Published in The Post Standard, March 2002
If you are like most Americans over sixty, you have worked and saved a lifetime and have amassed quite a nest egg. Many families have 401-K accounts, IRA's and other investments.
With a little planning now, you can protect these assets against the high cost of court administration of the estate after your death, safeguard these assets from total loss to a nursing home and minimize any estate taxes.
Court administration of the estate would entail either probate or estate administration. The probate of an estate refers to the process by which a person's assets are distributed after his death according to the wishes contained in the Last Will and Testament. If there is no Will, then the assets are distributed in a process called "estate administration".
If a person dies without having a Will this is referred to as dying intestate. Since there is no Last Will and Testament to tell us how the house and the money should be distributed we have to look to the laws of intestacy. Generally, the laws of intestacy provide for the distribution of the assets to close family members.
If you do not want certain family members to share in your estate, then it is wise for you to have a Will. In either case, in New York, the court involved in the probate process or estate administration is called the Surrogate's Court.
The Surrogate's Court will require certain legal paperwork in order to distribute the assets to the heirs. It is this legal paperwork that causes the probate or estate administration process to be both costly and time consuming.
Even if you have signed a Will that states who receives your assets after your death, there still may be nothing to distribute should you have substantial debts or if you become ill and go to a nursing home.
A properly drafted irrevocable trust that takes into account the Medicaid laws can save your assets from the high cost of nursing home care. A trust is a way of holding property.

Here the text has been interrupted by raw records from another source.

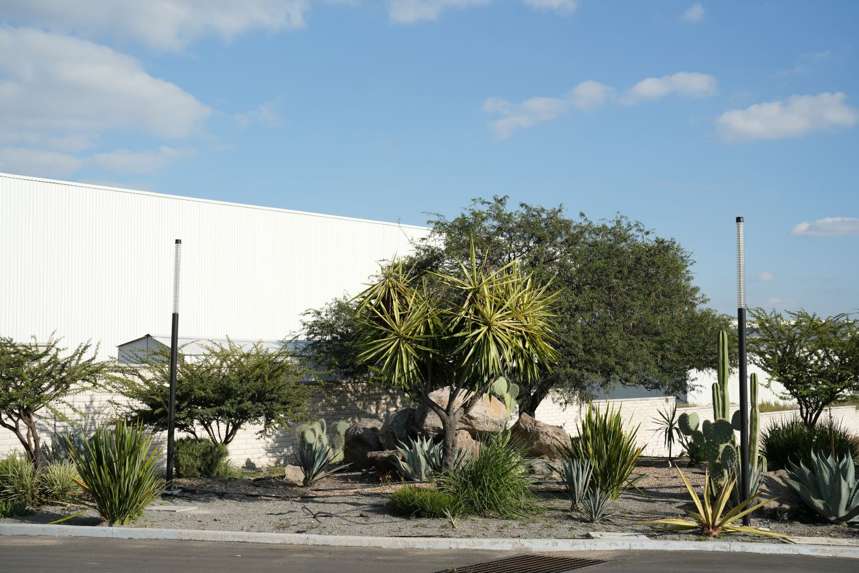 Terreno Industrial en Venta en Bluhen  Business Park, El Marqués, Querétaro miniatura 15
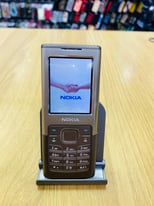 Nokia Classic 6500C old skool unlocked to all networks 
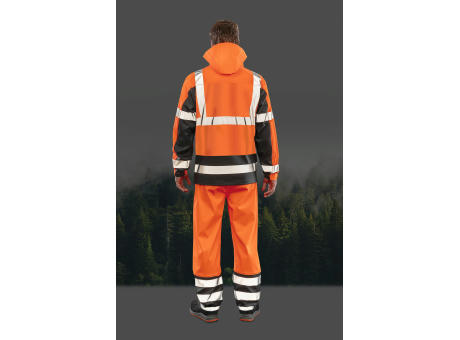 Chaqueta Prism PU Safe & Dry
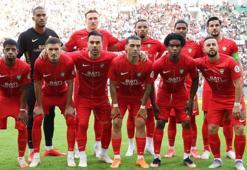 Amedspor'da Galatasaray maçı öncesi kabus! 3 yıldız isim yazıldı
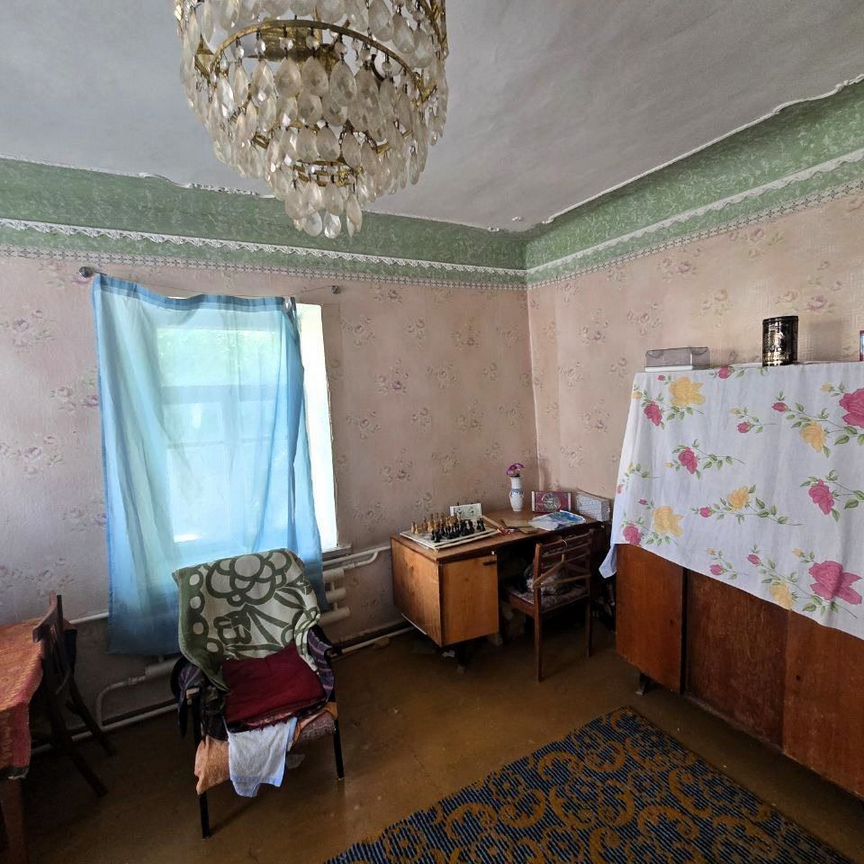 Квартира 3-комн. 79.7 м² в Кисловодск — фото 20 из 23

Your property includes, but is not limited to, money, bank accounts, certificates of deposit, stocks, bonds and real estate (such as your house). The person who creates the trust is called the grantor. A trust names a trustee or trustees who hold the property for the benefit of a beneficiary or beneficiaries.
For example, if Mr. and Mrs. Robert Smith have two children, John Smith and Thomas Smith, they might create while they are alive "The Mr. and Mrs. Robert Smith Irrevocable Living Trust" and name John Smith and Thomas Smith as trustees. Mr. and Mrs. Robert Smith are the grantors of this trust. The Smiths could have named just one of their children to be the trustee. Or they could have named a friend to be the trustee. There is no requirement that the trustee be one of their children. It is important to name someone in whom you have confidence to be your trustee.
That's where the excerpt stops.